Interestingly the unemployment rate continues to fall, now holding at a 3½-year low. The slide in unemployment is being driven by a modest slide in the participation rate. However there is a vast differential across the states. In NSW unemployment as fallen to 4.9 per cent – the lowest result in four years, while the ACT has an unemployment rate of 3.5 per cent. At the other end of the spectrum unemployment in South Australia, Tasmania and Western Australia held well above 6 per cent.

The weaker-than-expected unemployment result has left the door open for the Reserve Bank to cut rates in in November, but only if inflation remains stubbornly low next week. For the record we expect the “headline” CPI probably rose 0.4 per cent in the quarter and 1.0 per cent over the year, replicating the June quarter results. We expect that “underlying” prices rose by 0.5 per cent in the quarter and 1.7 per cent over the year.

Results in line with our forecasts don’t provide the “smoking gun” needed to justify another rate cut. But if the underlying estimate of inflation lifts by less than 0.4 per cent then another rate cut will be on the agenda at the November 1 Reserve Bank Board meeting. The question for Reserve Bank Board members is whether there is value in cutting rates again.

What do the figures show?

Labour force:

  • Employment 9,800 in September after falling by a revised 8,600 people in August (previously -3,900). Full-time jobs fell by 53,000 while part-time jobs rose by 43,200. Economists had tipped a 15,000 increase in jobs.
  • Hours worked fell by 0.2 per cent in August. Hours worked are up by 0.7 per cent on the year.
  • The unemployment rate 5.7 per cent to 5.6 per cent in September. To two decimal points the jobless rate fell from 5.66 per cent to 5.57 per cent (lowest rate recorded in 3½-years). The trend unemployment rate fell from 5.7 per cent to 5.6 per cent (hasn’t been lower in 3½-years).
  • The participation rate eased from 64.7 per cent to 64.5 per cent.
  • A total of 163,200 jobs were added over the year to September. The annual growth rate eased to a 17-month low of 1.4 per cent. In trend terms, employment has risen for 34 consecutive months.
  • The working age population rose by 24,800 in September. The working age population rose by 289,900 (1.51 per cent) over the last year.
  • Unemployment across states in September: NSW 4.9 per cent (August 5.0 per cent); Victoria 5.7 per cent (5.6 per cent); Queensland 6.0 per cent (6.2 per cent); South Australia 6.7 per cent (6.8 per cent); Western Australia 6.2 per cent (6.3 per cent); Tasmania 6.5 per cent (7.2 per cent). In trend terms unemployment in the Northern Territory fell from 3.5 per cent to 3.4 per cent; ACT unemployment was steady at 3.5 per cent.
  • Jobs across states and territories in September: NSW +6,700; Victoria -11,700; Queensland -4,100; South Australia unchanged; Western Australia -7,600; Tasmania +2,300. Trend terms: Northern Territory -100; ACT +400.

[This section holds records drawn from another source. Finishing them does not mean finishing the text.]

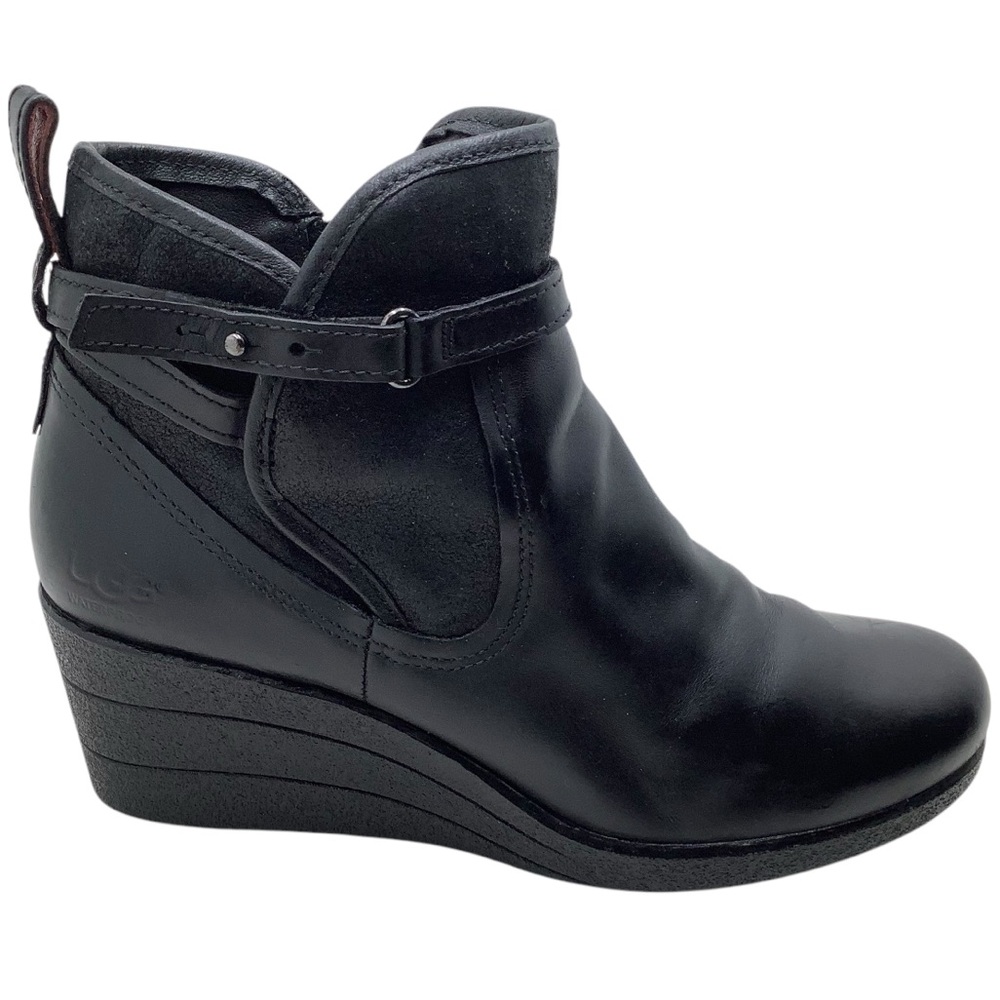 {UGG} Emalie Waterproof Ankle Bootie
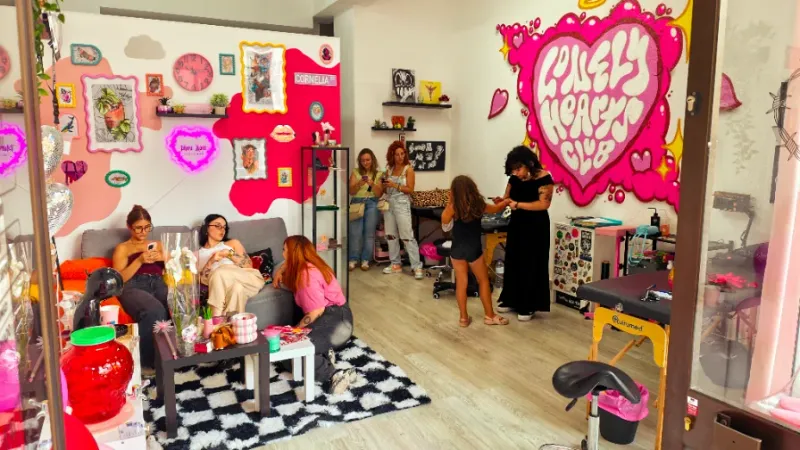Capa do artigo da NiT sobre o Lonely Hearts Club Tattoo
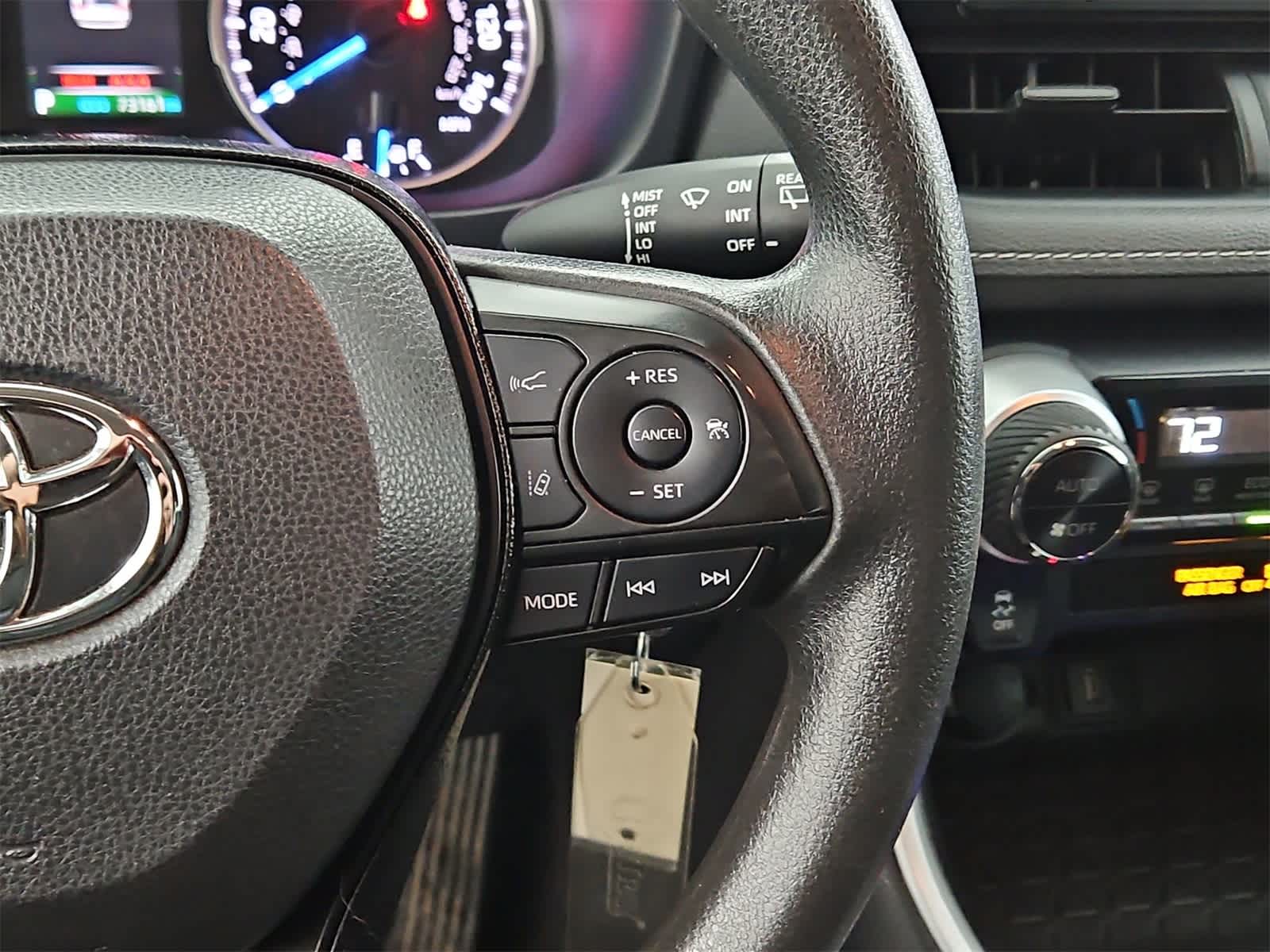 Thumbnail: 2021 Toyota RAV4 - 30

Why is the data important?

The Labour Force estimates are derived from a monthly survey conducted by the Bureau of Statistics. The population survey is based on a multi-stage area sample of private dwellings (currently about 22,800 houses, flats, etc.) and a sample of non-private dwellings (hotels, motels, etc.). The survey covers about 0.24 per cent of the population of Australia and includes all people over 15 years of age, except defence personnel.

If more people are employed, then there is greater spending power in the economy. But at the same time companies may adjust the work hours of employees. If employees work less hours, and therefore get paid less, then spending power in the economy is reduced.

What are the implications?

The latest jobs data suggests that the improvement in business conditions and confidence is yet to translate through to a lift in full-time employment. But overall it seems a case of steady as you go. The jobless rate is still the lowest recorded in three years and job ads data suggest that it could fall further in coming months. As the job market tightens, the focus will shift to wage pressures.